By Selena Hill
On Thursday, the 116th U.S. Congress ushered in its most diverse body of elected officials in the nation’s history. Included in this class is hotshot newcomer Alexandria Ocasio-Cortez, who, at 29 years old, became the youngest woman ever elected to Congress, and Ilhan Omar, the first Muslim congresswoman to wear a hijab. However, in addition to this inclusive collective of leaders comes congressional staffers set to make history. This includes Anne Reid, Sen. Elizabeth Warren’s new chief of staff and the only black woman serving in this role for a Democratic senator, and Shuwanza Goff, the first African American woman floor director.
In her new position, Goff will help House Majority Leader Steny Hoyer decide on the Democrat Party’s agenda. “It’s a little daunting, but it’s also exciting,” the veteran House Democratic staffer told Politico.
Goff formerly served as the director of legislative operations for Hoyer’s office, where she communicated with Democrats and Republicans on legislation and where Democrats stood in bipartisan matters. Now, Goff is responsible for managing the floor—a critical but low-profile role.
“As a member of my staff for over 10 years, Shuwanza has developed strong relationships with members and staff on both sides of the aisle, demonstrated deep understanding of floor procedure, and exhibited good judgment and political instincts,” Hoyer told Politico. “The House will continue to benefit from her intellect, hard work, and dedication.”
According to Politico:
“Goff describes her role as driving the agenda and determining what bills lawmakers vote on, saying she’ll assist Hoyer in scheduling bills as they’re preparing to leave committees and head to the House floor. She also says a large part of the position entails coordinating with committees, parliamentarians, the Senate — to some extent — and the White House on “what we’re doing, what our agenda is and what we’re bringing up for floor consideration.”
“She’ll also be managing weekly meetings with the minority whip operation and committee chairmen, prepping Hoyer for weekly colloquies with Scalise, the No. 2 House Republican, and managing procedural requests to pass noncontroversial bills quicker.”

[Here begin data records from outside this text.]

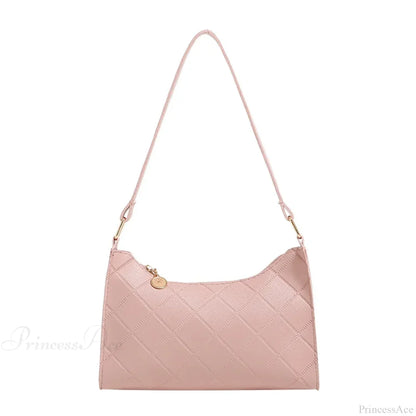 PU Leather Shoulder Messenger Bag for Women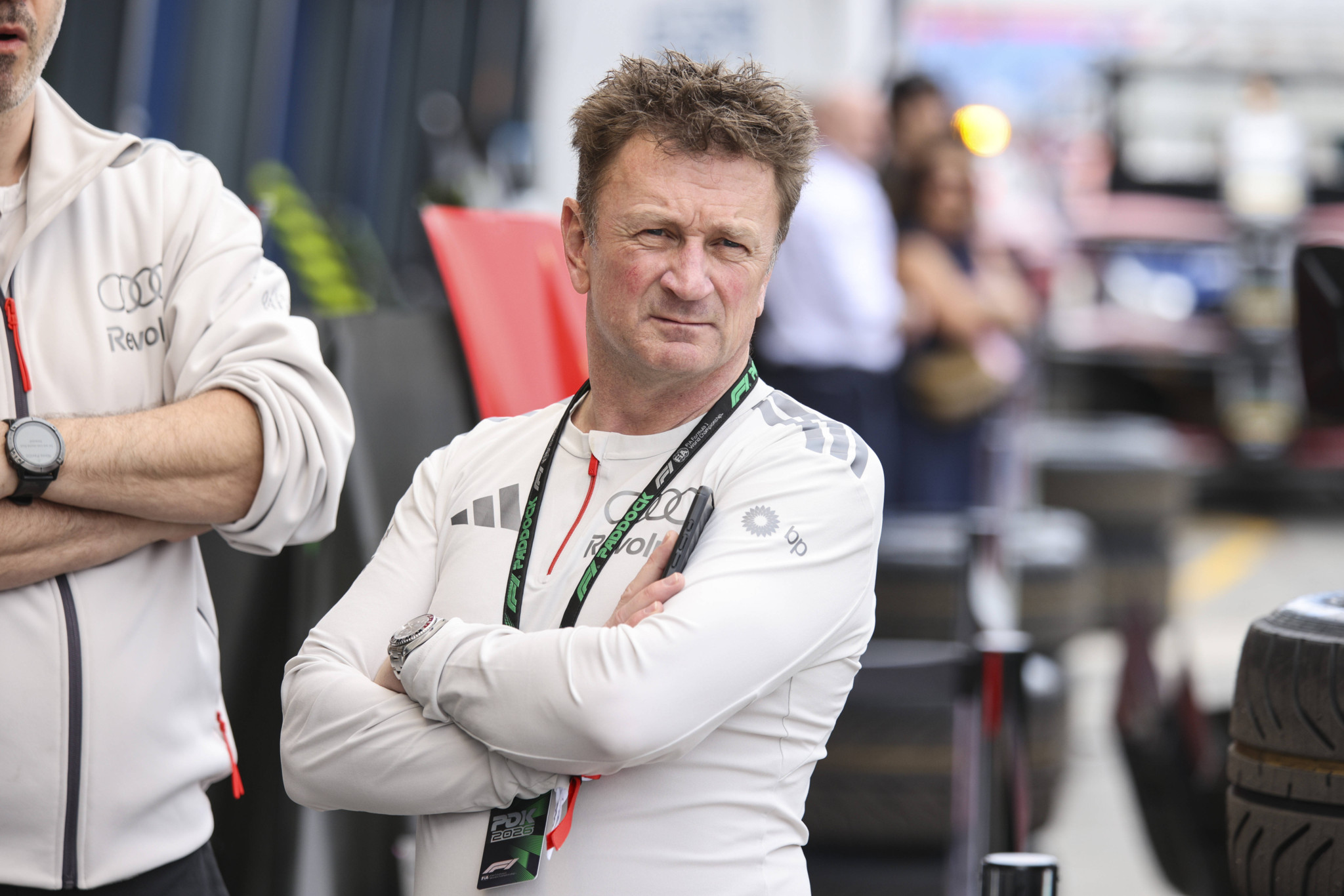 Umstrukturierung in Hinwil: Audi macht Allan McNish zum neuen Renndirektor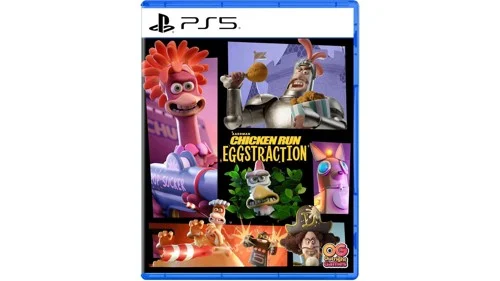 Chicken Run: Eggstraction (PS5), bild 3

Last year, Goff opened up about the challenges she’s faced as the first African American woman hired to serve as the director of legislative operations for Hoyer back when he was the House Minority Whip. “When I [got my job], one of the greatest challenges I had to face was the pressure of being the first black woman in this role,” she told Roll Call. “Over the years, that pressure has subsided some, but it is certainly something that I’m still cognizant of.”
Now, Goff plans to use her new position of power to help other people of color elevate on Capitol Hill.
“I am obviously aware of the fact that on the Hill we need to do a better job when it comes to diversity,” she said, reports Politico. “I’ve been fortunate enough to have a lot of really good mentors, and I’m hopeful that in my role as the first African American to have this position and to be in a senior role that I am able to help more junior staffers find their way, climb up and eventually consume and take over some of these more senior roles as well.”
Goff interned for the federal government before launching her professional career in 2008 as a staff assistant in Hoyer’s office. Two years later she was promoted to floor aide and went on to serve as floor assistant and deputy floor director before being named as Hoyer’s director of legislative operations in 2012.
Goff graduated from the University of Tennessee with a degree in political science in 2006. She then obtained a master’s degree in justice, law, and society from American University in 2008.